Wir hier in Ost-Berlin machen unsere eigenen Erfahrungen. Und das gilt erst recht, wenn zwei so grundverschiedene alte und neue Stadthälften zusammengeraten. Es kann bei der Entwicklung einer gemeinsamen demokratischen Streitkultur nicht einfach nur um die Verdoppelung oder Spiegelung Westberliner Strukturen gehen. Das wäre verwaltungstechnisch sicherlich das einfachste, politisch allerdings bedenklich, weil an den spezifischen Bürgerinteressen in der DDR vorbei.
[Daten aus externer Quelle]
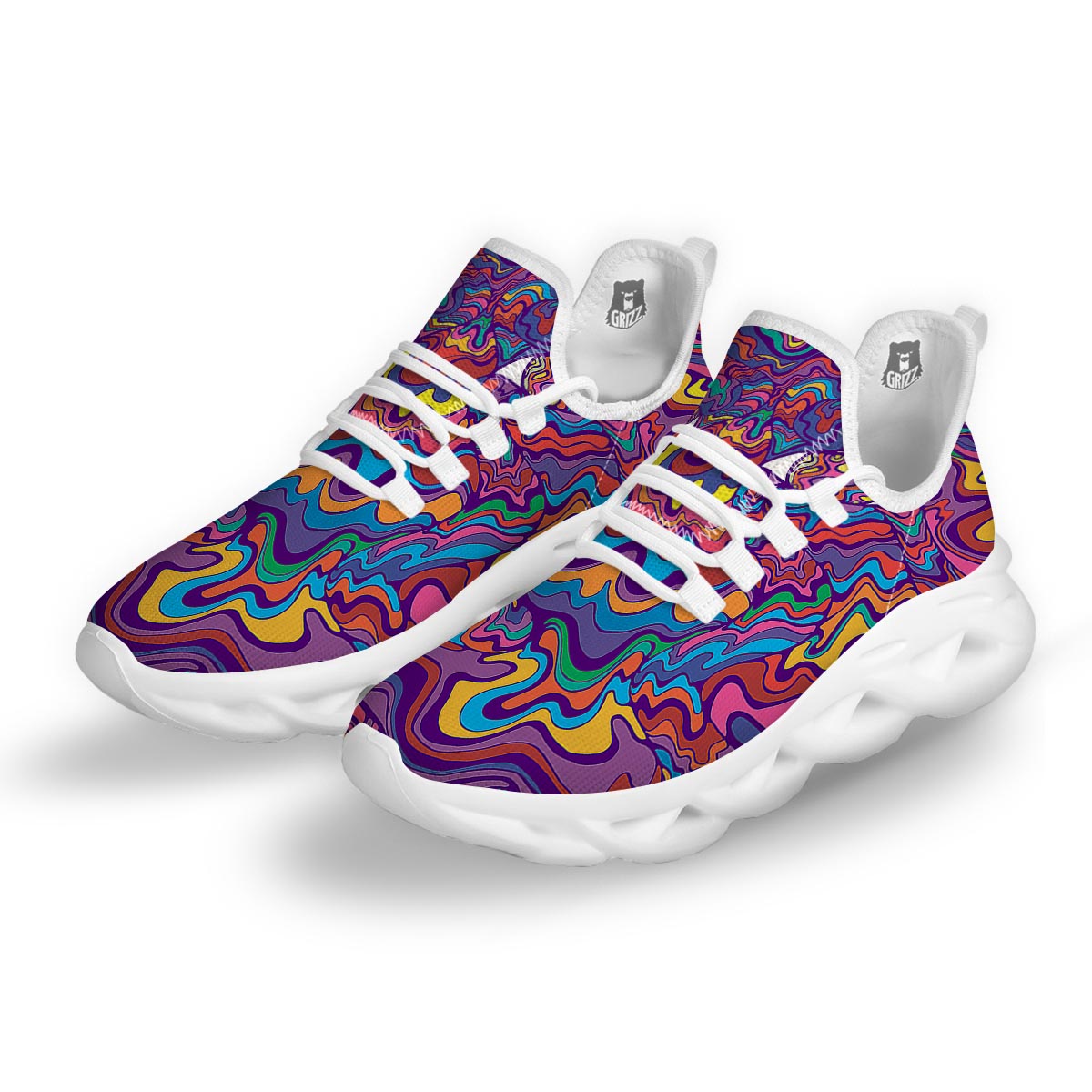 Rave Trippy Print White Running Shoes-grizzshop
Als Politiker müssen wir eine Art Übersetzungsarbeit leisten, um so viel von diesen Bürgerinteressen wie möglich in den Gesamtprozeß der Demokratisierung zu installieren.
Alles das muß zwar schnell, aber wohlüberlegt und demokratisch legitimiert passieren - oder die Chancen von gestern werden ungenutzt zu Risiken von morgen. Dies alles sollte genausowenig von kleinkarierten Parteiegoismen geprägt sein. In diesem komplexen Prozeß geht es um mehr Demokratie und nicht um mehr Partei. Und es geht auch nicht allein um die AL als Partei, sondern um eine Politik, die sich immer wieder aufs Neue fragen muß, aufgrund welcher Legitimation sie handelt und wie sie den demokratischen Prozeß für alle Wirklichkeit werden läßt.
Was jetzt notwendig ist, ist eine nüchterne und emotionsfreie Analyse der politischen Konstellationen in Ost - und West-Berlin. Dabei muß gleich zu Beginn eines festgehalten werden: jede politische Entscheidung in West -Berlin hat einen Effekt auf den anderen Teil der Stadt. Ein zweites: Zwei Dinge werden von verschiedenen Seiten völlig unterschätzt. Es gibt, trotz diverser Importe aus dem Westen, hier in der DDR eine eigenständige politische Kultur, die sehr wohl einschätzen kann, wer kooperativ den Demokratisierungsprozeß unterstützt und wer egoistisch parteipolitische Interessen verfolgt.
Die von der AL in Frage gestellte Koalition sieht sich einer immensen Aufgabe gegenüber. Wenn sich jetzt ein Partner aus der Verantwortung herausnimmt, gefährdet das die Achillessehne des sich neu organisierenden politischen Gesamtkörpers in Berlin. Nämlich die linken Verflechtungen von AL bis SPD (West), von der SPD (Ost) bis hin zum Bündnis 90. So gesehen, wäre es nicht nur eine Entscheidung gegen die bestehende Koalition in West-Berlin, sondern eine Entscheidung gegen bestimmtes Gesamt-Berlin.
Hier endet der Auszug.